Every four years we get pumped up about the Olympics. Whether your preference is summer’s swimming and gymnastics events or Winter Games bobsled or speed skating, if we think about it, we may recognize that it’s really about more than the sheer athletic competition.
It’s about the story behind it.
NBC, the network airing the games in primetime, realizes this and gives us what we really want – the athletes’ stories. Intermixed among the events themselves, NBC reporters narrate the lives of select Olympians, giving us a reason to cheer harder when we see them on the starting block ready to anchor their relay team to victory by slimmer margins than the blink of an eye or feel their agony as they are shut out by razor-thin margins, as American gymnast Jordyn Wieber was just days ago in her quest to be named the world’s best all-around gymnast.

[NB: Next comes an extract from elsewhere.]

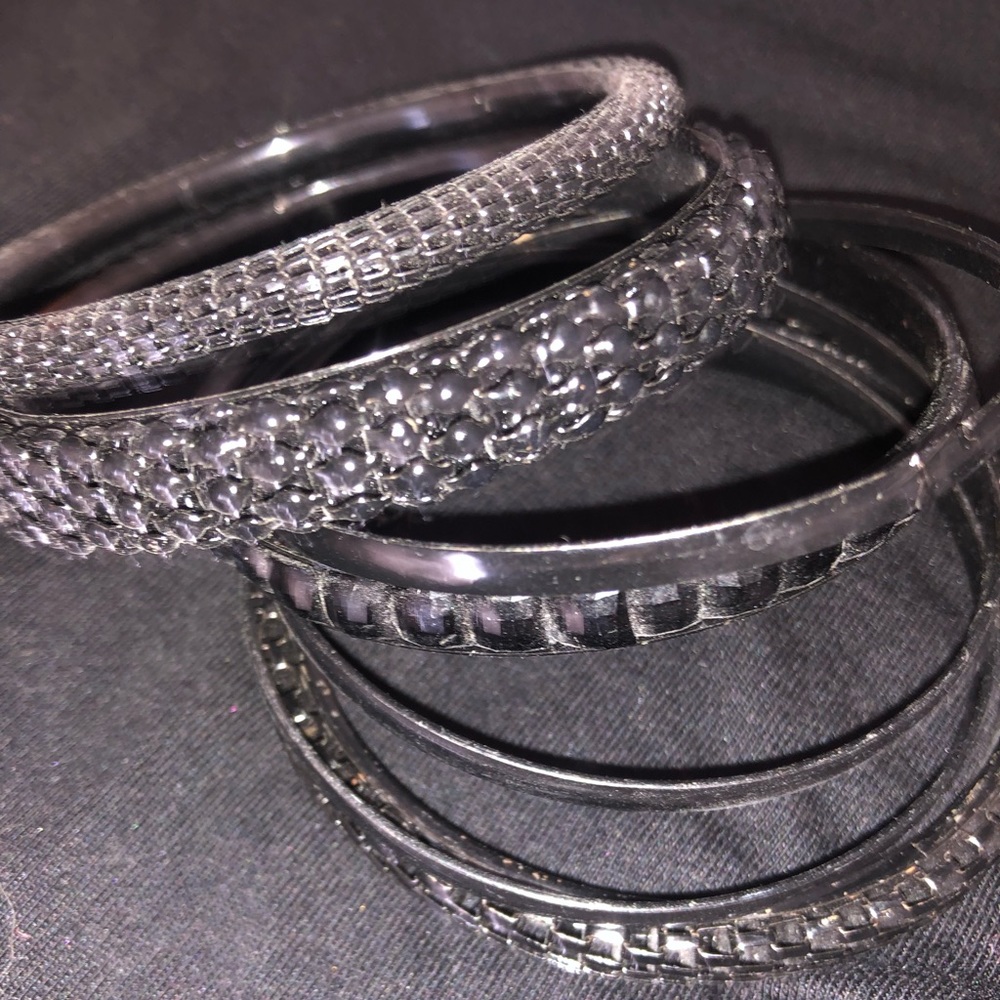 7 Piece Black Bangle Set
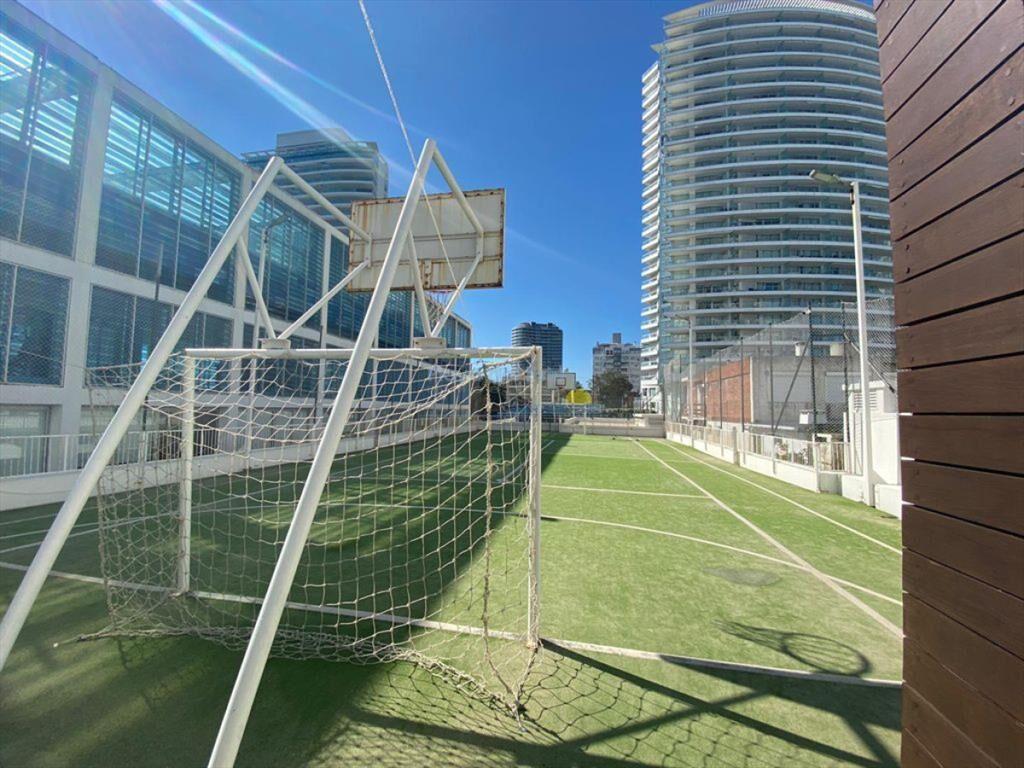 VENTA En primera línea frente al mar en playa 2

The life experiences that made them the athletes we see on the diving platforms or the sandy beach volleyball courts are more important than just a single performance every four years. We learn to care about the young swimmer whose grandfather was an Olympic level swimmer, who just before he was to compete in his own Olympic trials became sick and was never able to realize his dream. That same swimmer’s father, also a swimmer, e-mailed his son and told him he could fulfill his grandfather’s legacy.
Television drama can’t top these stories.
Or what about the Olympic gymnast who moved away from home at an early age, so she could be coached by the best in her sport, leaving behind her family, who struggled financially to support her dream?
Like Olympians, we are more than the jobs we hold and the weather we experience, yet who would deny those are the first two questions we typically ask the people we find ourselves seated beside at a wedding or our kids’ sports functions?
We all have stories. Like the AMC network, whose slogan “Story Matters Here” encourages us to really understand that a movie is more than what can be blown up in the shortest amount of time, life, like television, movies or the Olympics, is about the person behind it. A story is a character who wants something and overcomes conflict to get it.
To find out a person’s story, you have to find out what they want or have wanted in life, what they endured to get it, what celebrations they have experienced and, sometimes, the deepest despair they have overcome.
We all have stories. They make us who we are. Change us. Make us better or worse.
Everyone has a story. And what people really want is to be listened to, respected, and understood.
So the next time you find yourself asking, “What do you do?” why not instead ask, “What’s the most important thing to you?” or “What have you overcome to get where you are today?”, “What makes you happy?”, or “What do you hope for - for yourself and your family?”
The answers to these questions are so much more interesting than, “It sure is hot today isn’t it?”
You’ll be amazed that most people don’t really care about money or prestige. They care about love, about weddings and funerals, about children, about dignity, and integrity.